Find the lines in the material below that include the word "Landscape", count them, and give that count alone.

______

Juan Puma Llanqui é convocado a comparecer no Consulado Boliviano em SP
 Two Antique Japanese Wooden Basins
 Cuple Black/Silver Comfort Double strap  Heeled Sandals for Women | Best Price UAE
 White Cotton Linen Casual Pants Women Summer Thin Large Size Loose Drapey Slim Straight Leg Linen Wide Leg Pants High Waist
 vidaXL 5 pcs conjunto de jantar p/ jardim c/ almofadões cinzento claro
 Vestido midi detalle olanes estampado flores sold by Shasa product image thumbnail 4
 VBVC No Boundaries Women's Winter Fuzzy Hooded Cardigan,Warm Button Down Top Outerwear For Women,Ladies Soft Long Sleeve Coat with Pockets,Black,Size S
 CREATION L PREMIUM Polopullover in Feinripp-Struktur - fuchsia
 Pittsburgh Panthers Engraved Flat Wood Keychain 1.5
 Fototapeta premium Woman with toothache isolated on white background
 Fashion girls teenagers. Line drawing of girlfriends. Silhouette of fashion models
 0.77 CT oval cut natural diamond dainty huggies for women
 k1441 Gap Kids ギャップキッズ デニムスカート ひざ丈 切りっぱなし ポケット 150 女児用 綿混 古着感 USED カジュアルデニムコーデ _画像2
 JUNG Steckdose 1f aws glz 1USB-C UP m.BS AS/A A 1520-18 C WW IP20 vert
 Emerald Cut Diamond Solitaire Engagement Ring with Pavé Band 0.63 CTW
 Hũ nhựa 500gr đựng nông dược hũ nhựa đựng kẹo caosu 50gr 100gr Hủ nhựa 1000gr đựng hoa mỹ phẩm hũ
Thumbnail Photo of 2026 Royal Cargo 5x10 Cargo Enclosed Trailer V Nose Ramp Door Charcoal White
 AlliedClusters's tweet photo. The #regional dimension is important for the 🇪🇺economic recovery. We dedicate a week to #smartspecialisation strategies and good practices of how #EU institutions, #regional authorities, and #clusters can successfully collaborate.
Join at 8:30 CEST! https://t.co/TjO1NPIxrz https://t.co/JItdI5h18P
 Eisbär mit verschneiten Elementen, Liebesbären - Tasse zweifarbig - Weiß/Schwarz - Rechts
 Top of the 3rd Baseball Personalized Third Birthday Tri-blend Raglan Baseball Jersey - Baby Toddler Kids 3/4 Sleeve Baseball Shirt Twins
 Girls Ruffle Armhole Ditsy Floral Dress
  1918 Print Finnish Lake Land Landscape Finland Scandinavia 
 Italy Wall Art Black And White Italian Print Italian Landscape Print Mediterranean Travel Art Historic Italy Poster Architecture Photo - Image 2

______

[Answer]
2